- **TASK BRIEF**:
Copy out every line of the data exactly; do not include the images.

- **PROVIDED DATA**:
[Start of Attachment]
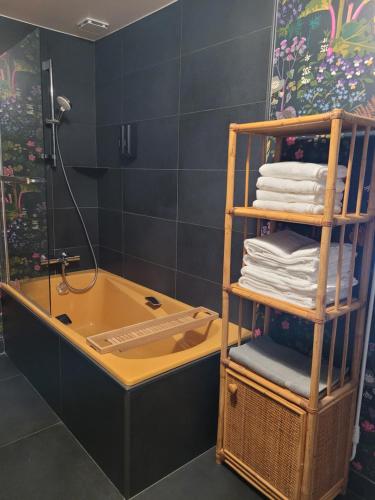 a bathroom with a tub and a rack of towels at Les Colibris - Standing et Jardin - 3 étoiles in Cluses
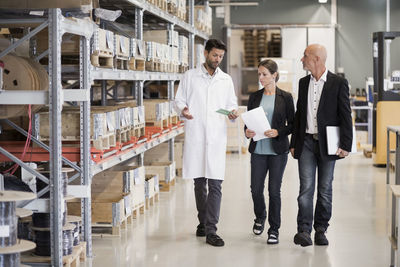 Full length of engineer explaining machine part to business people in factory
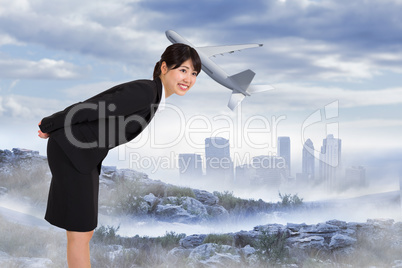 Composite image of smiling businesswoman bending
[End of Attachment]
- **ANSWER AREA**:
 a bathroom with a tub and a rack of towels at Les Colibris - Standing et Jardin - 3 étoiles in Cluses
 Full length of engineer explaining machine part to business people in factory
 Composite image of smiling businesswoman bending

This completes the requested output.